Under the Dome graphic with Missouri State Capitol Dome in background

Welcome back to Under the Dome, your weekly update on the goings-on of the Missouri state legislature.

Majority rule under threat as resolution stripping voters of rights moves to House

This week, the Missouri Senate moved forward legislation that would end majority rule in Missouri, taking away rights that Missourians have utilized for more than 100 years to keep legislators accountable and advance legislation favored by voters.

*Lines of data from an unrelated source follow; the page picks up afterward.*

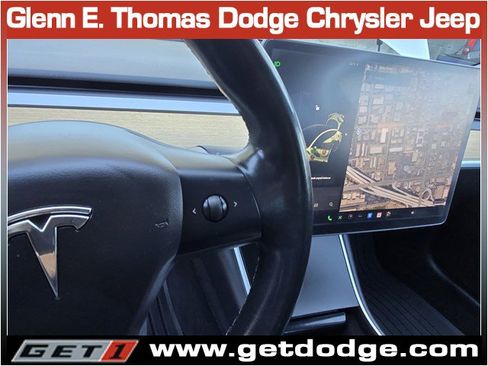 Used 2017 Tesla Model 3 Standard Range image 18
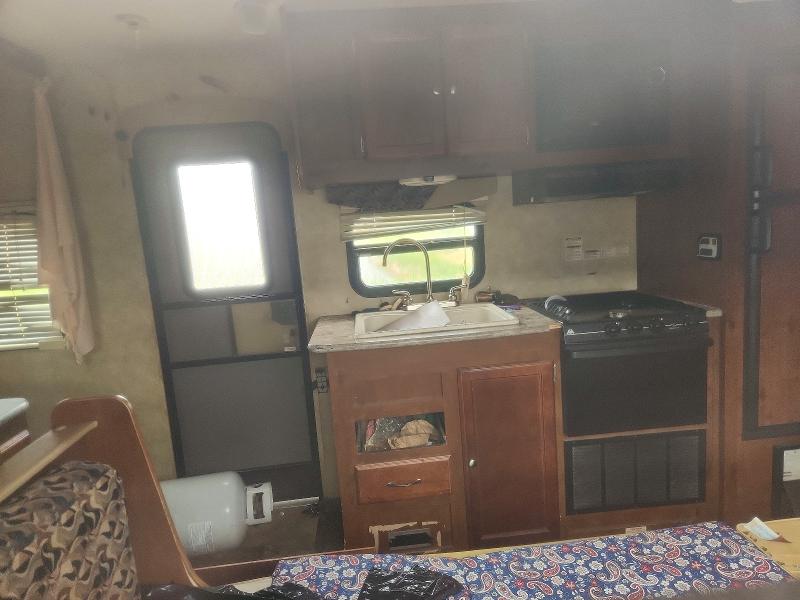 Auction sale of the 2015 Gulf Stream Breeze, vin: 1NL1XTL25F1031689, lot number: 61767526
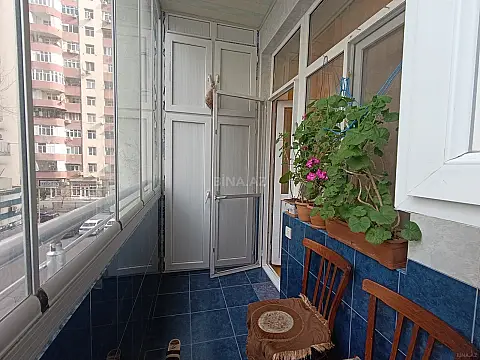 Satılır 2 otaqlı mənzil 60 m²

Thanks to a strong pushback by key legislators, Sen. Mary Elizabeth Coleman’s SJR74 was stripped of “ballot candy.” The resolution now moves to the House for debate, where extreme politicians are threatening to return “ballot candy,” a blatant admission of resorting to trickery to steamroll their permanent plans to take voters’ rights.

Coleman speaking about purposefully including “ballot candy” in SJR74 on the floor of the Missouri Senate, via Missouri Senate Communications video.

The resolution approved in the Senate would require what’s called a concurrent majority, meaning that in addition to passing the entire state, any constitutional ballot issue would also need to be approved by a majority vote in five of the state’s eight congressional districts. According to an analysis from the Missouri Independent, as few as 23% of voters – a majority in the four districts with the lowest number of voters in 2020 and 2022 – could defeat a statewide ballot measure.

The legislature continues to ignore public outcry to their plans to end majority rule, which has been overwhelming and bipartisan.

Progress MO is calling on Missourians from all parts of the state to urgently contact their legislators to demand that they vote no on these efforts to dismantle majority rule and seize their rights in Missouri.

Freedom Caucus members smear KC dad, spread fear and hate

Denton Loudermill and his family in their neighborhood, via family photo shared with the Kansas City Star.

This week also featured continued swamp creature behavior from the “Freedom” Caucus when members and the Caucus’s own social media channels were caught falsely accusing a KC dad of being a mass shooter and illegal immigrant.

Three Missouri lawmakers shared posts with a photo of a man that claimed him as one of the suspects in the mass shooting, which killed one person and injured more than 20 people. The post not only smeared an innocent man but also falsely fueled illegal immigration fears.

Asked for an apology, lawmakers instead doubled down. As reported in the Kansas City Star, Sen. Rick Brattin, R-Harrisonville and chair of the hard-right Missouri Freedom Caucus, refused to apologize or even recognize that they did anything wrong.

“I’m not even commenting on that,” Brattin told the Kansas City Star. “That’s not even part of the discussion.”

When pressed, Brattin signaled that he didn’t think his false post was worth an apology.

“There’s nothing that I even see – even worth that,” he said. “So we’ve done nothing. And, you know, I have no comment.”

House Speaker under fire for yet another scandal

Finally, this week the St. Louis Post-Dispatch exposed that so-called “lifelong conservative” Dean Plocher doubled his office’s payroll in the past five years while embroiled in a series of ongoing scandals.

After firing two of his employees and watching as another resigned amid a midterm shake-up, the embattled House Speaker is overseeing an office payroll that could cost taxpayers double the amount it under then-Speaker Elijah Haahr in February 2020.

According to payroll records provided by the House human resources office, the annual payroll for the speaker’s office as of Feb. 1 was $746,427, compared to $495,832 in his maiden year as the leader of the Legislature’s lower chamber.